Tuesday, December 20, 2005

There Ain't No Fixed Rule

A lot of folks seem to be of the opinion that it is always better to buy real estate than to rent it (because renters are just "throwing their money away"). Well, bull. If a $10 million mansion were renting for $500/ a month, I think it's pretty obvious which is a better deal. Therefore the line exists somewhere. A housing bubble blog that I follow has a good post highlighting some current economic reality, in which renting seems to be by far the better deal:

When Renting Is Smarter

CNN Money looks at one rent or buy decision. "Andy and Kacey Olson and their four children moved to San Diego four months ago, where Andy had accepted a new position at a small biotech. They had $60,000 saved for a down payment. But when they toured one $750,000 home, they couldn't believe how small and unappealing it was."

"'Everyone told us to just get in and the rising market would take care of us,' Andy says. 'But I thought, who is going to buy this house from me for $850,000?'"

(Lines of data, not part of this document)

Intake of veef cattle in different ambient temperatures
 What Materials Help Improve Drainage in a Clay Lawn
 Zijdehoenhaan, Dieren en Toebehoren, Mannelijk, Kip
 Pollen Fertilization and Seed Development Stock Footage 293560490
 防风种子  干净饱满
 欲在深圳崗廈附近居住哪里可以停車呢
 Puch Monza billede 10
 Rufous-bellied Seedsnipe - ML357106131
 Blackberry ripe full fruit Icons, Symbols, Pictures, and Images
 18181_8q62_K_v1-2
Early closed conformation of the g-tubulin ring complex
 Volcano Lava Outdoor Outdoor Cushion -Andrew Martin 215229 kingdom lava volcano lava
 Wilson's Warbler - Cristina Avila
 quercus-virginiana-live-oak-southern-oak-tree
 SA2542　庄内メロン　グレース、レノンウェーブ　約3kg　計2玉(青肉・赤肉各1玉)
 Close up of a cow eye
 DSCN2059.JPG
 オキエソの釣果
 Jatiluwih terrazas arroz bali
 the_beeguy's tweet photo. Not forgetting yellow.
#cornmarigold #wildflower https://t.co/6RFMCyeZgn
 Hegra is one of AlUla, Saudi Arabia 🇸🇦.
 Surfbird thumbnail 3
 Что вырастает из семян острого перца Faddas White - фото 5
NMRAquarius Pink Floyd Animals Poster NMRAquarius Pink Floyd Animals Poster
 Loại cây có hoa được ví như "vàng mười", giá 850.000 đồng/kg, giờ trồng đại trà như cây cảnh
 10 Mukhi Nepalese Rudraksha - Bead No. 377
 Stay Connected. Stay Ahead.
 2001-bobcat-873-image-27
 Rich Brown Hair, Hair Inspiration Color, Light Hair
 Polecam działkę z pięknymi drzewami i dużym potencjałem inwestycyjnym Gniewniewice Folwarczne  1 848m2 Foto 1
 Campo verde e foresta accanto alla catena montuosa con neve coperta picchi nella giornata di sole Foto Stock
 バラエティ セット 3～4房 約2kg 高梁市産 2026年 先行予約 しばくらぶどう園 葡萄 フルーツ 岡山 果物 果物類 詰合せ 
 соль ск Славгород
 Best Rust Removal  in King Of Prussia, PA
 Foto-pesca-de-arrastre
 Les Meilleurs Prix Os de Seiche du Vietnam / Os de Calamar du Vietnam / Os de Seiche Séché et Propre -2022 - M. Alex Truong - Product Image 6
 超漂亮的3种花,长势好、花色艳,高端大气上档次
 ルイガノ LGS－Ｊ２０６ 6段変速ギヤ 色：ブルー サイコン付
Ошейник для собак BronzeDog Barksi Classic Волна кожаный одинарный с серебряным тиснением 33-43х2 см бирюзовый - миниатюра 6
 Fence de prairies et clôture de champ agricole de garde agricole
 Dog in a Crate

"They crunched a few numbers. This time they decided to rent, and they're saving a bundle. For $2,350 a month, they have a four bedroom, 2,100-square-foot home. If they were to purchase that same home today for $700,000 (the going rate for a similar house in the neighborhood), the monthly payment on a 30-year, $630,000 mortgage at 6.1 percent would run them more than $3,800."

"The rental market, in fact, can be an excellent tool for gauging the health (and risk) in a local market, particularly in cities where home prices have risen much faster than rents. Some experts look at the ratio of home price to rental income as a valuation tool, like the P/E for stocks. The statistics highlight some potential trouble spots."

"In New York, for instance, house prices have climbed to 24 times rental rates, up from 12 in the mid-1990s. In Los Angeles the ratio has grown to 20, up from 10. And in San Diego, where the Olsons live, the ratio now stands at 27, compared with 13 ten years ago."

"The Olsons are already glad they didn't jump in. They've noticed that houses in their neighborhood are staying on the market longer, and they've seen asking prices in real estate circulars come down. 'We'd rather be homeowners,' says Kacey. 'But we'll rent for as long as it makes sense financially.'"

It doesn't seem like that long ago that mortgage, maintenance, insurance, and tax payments really were lower than rents. But that sure as hell isn't now!


Michael Poole said...

From what I can tell, rents and mortagages here in the suburbs of Washington DC are still close to the same monthly costs. (My three-year-old mortgage costs me less per month than renting a comparable home would, but house prices in my neighborhood have gone up at least 50% in those three years.) As you look closer to the city, rents become a bigger and bigger win.

There does seem to be some downward correction in home prices taking place -- two doors down from me, a house has been on the market for more than a month, which was unheard of the past few years. They originally asked $400k, but apparently lowered their asking price; even at the lower price, someone who signed a contract to purchase it backed out.

I hope that the aggregate behavior will be the soft landing that some have predicted, where home prices stay level for a number of years before rising again, but when interest rates rise, I fear (and expect) that many homeowners will be unable to make their ARM or negative-amortization mortgage payments, leading to a supply glut and market crash.

Matteo said...

One of the more interesting dynamics I've been reading about is the number of "subject to sale of my other home" purchase contracts that are failing. It's kind of like deadlocked processes waiting for the same semaphore.

miriam said...

I sold my home under the condition that I find another place to live before moving out. It sold immediately.

The buyer exerted enormous pressure for us to move. We found another house. Then things slowed down at his end; he wasn't taking care of business.

Two months went by in which everything in house #1 broke--the hot water heater, the AC.

The big factors in choosing to own are two: I can do what I please with my property; and I can deduct taxes and interest from my income tax. Otherwise, the government would own ME.